Rumsfeld forbade Iraq post-war planning

General Scheid: Iraq post-war plan muzzled

Army Brig. Gen. Mark Scheid, an early planner of the war, tells about challenges of invasion and rebuilding.

Months before the United States invaded Iraq in 2003, Defense Secretary Donald Rumsfeld forbade military strategists from developing plans for securing a post-war Iraq, the retiring commander of the Army Transportation Corps said Thursday.

In fact, said Brig. Gen. Mark Scheid, Rumsfeld said “he would fire the next person” who talked about the need for a post-war plan.

Scheid doesn’t go so far as calling for Rumsfeld to resign. He’s listened as other retired generals have done so.

“Everybody has a right to their opinion,” he said. “But what good did it do?”

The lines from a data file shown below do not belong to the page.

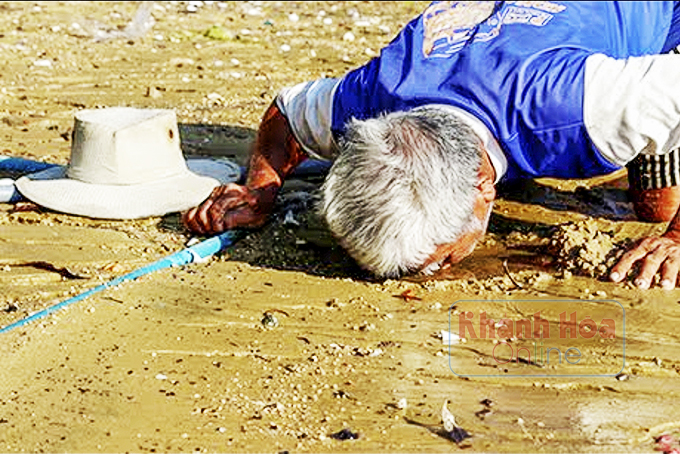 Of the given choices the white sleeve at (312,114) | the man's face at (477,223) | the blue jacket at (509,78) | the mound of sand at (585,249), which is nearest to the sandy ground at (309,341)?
the mound of sand at (585,249)

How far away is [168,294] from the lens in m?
3.87

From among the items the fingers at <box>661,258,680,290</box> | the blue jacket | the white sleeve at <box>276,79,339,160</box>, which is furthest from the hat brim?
the fingers at <box>661,258,680,290</box>

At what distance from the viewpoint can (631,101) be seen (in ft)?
12.4

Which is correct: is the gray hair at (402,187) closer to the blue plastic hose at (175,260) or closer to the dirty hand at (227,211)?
the blue plastic hose at (175,260)

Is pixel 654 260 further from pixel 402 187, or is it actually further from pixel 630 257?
pixel 402 187

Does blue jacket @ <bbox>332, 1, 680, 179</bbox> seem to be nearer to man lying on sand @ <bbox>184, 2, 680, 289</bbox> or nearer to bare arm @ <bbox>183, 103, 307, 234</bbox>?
man lying on sand @ <bbox>184, 2, 680, 289</bbox>

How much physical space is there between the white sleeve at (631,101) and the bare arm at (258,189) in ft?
3.80

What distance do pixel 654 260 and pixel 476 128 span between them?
71cm

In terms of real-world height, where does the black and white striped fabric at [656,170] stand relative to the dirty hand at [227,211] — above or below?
above

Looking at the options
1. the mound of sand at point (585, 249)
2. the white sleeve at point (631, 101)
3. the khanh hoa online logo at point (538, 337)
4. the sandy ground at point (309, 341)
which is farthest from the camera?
the mound of sand at point (585, 249)

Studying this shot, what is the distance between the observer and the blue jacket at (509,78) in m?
3.85

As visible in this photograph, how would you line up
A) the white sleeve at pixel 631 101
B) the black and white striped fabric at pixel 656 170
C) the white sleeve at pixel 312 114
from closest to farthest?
the white sleeve at pixel 631 101 → the black and white striped fabric at pixel 656 170 → the white sleeve at pixel 312 114

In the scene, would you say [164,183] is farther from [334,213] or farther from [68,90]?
[68,90]

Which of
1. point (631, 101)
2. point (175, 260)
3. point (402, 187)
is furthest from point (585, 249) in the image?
point (175, 260) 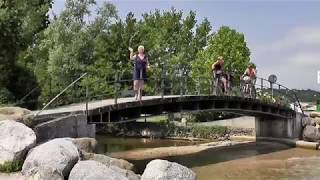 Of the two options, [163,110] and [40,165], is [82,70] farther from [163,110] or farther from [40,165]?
[40,165]

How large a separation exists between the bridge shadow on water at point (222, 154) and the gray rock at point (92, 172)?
9803 millimetres

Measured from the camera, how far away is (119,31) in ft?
179

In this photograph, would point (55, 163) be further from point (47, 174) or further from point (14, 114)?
point (14, 114)

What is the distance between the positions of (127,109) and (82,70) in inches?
936

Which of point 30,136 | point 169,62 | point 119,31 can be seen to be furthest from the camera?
point 169,62

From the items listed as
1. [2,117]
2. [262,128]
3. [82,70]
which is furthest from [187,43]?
[2,117]

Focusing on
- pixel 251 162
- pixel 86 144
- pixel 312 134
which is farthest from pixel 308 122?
pixel 86 144

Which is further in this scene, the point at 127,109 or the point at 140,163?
the point at 140,163

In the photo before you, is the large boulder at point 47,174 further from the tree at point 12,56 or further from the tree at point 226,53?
the tree at point 226,53

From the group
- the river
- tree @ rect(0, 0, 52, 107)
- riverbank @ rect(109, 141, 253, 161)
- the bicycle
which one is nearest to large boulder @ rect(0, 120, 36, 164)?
the river

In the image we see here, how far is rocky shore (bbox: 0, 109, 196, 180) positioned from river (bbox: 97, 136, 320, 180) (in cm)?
862

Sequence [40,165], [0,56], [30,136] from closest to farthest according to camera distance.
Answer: [40,165] → [30,136] → [0,56]

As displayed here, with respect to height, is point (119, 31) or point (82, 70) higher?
point (119, 31)

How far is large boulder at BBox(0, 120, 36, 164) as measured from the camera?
650 inches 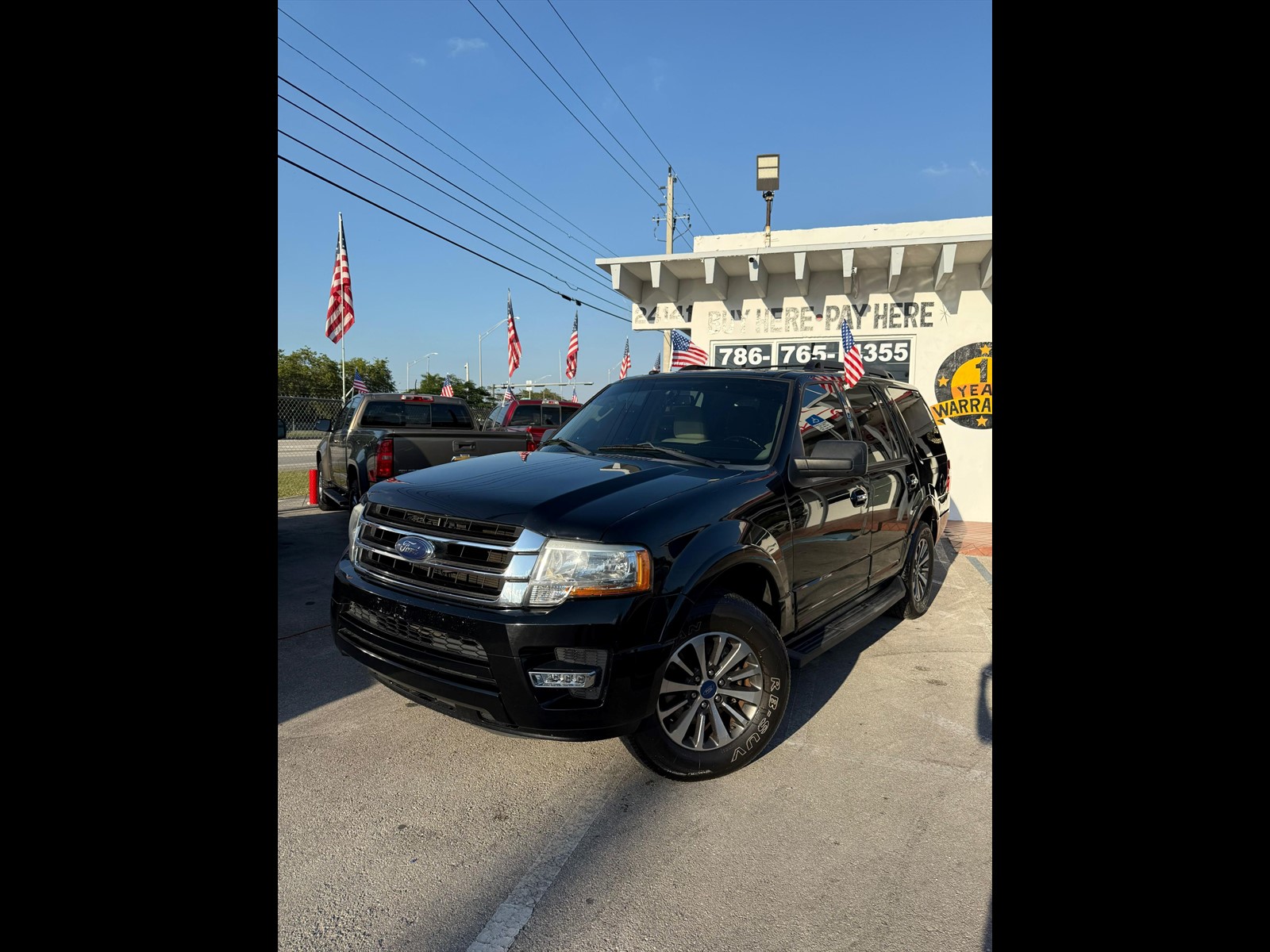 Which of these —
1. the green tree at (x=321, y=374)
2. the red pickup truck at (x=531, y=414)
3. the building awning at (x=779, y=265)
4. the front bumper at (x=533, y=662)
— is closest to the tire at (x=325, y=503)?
the building awning at (x=779, y=265)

Scheid’s comments are further confirmation of the version of events reported in “Cobra II: The Inside Story of the Invasion and Occupation of Iraq,” the book by New York Times reporter Michael R. Gordon and retired Marine Corps Lt. Gen. Bernard E. Trainor.

In 2001, Scheid was a colonel with the Central Command, the unit that oversees U.S. military operations in the Mideast. On Sept. 10, 2001, he was selected to be the chief of logistics war plans. On Sept. 11, 2001, he said, “life just went to hell.”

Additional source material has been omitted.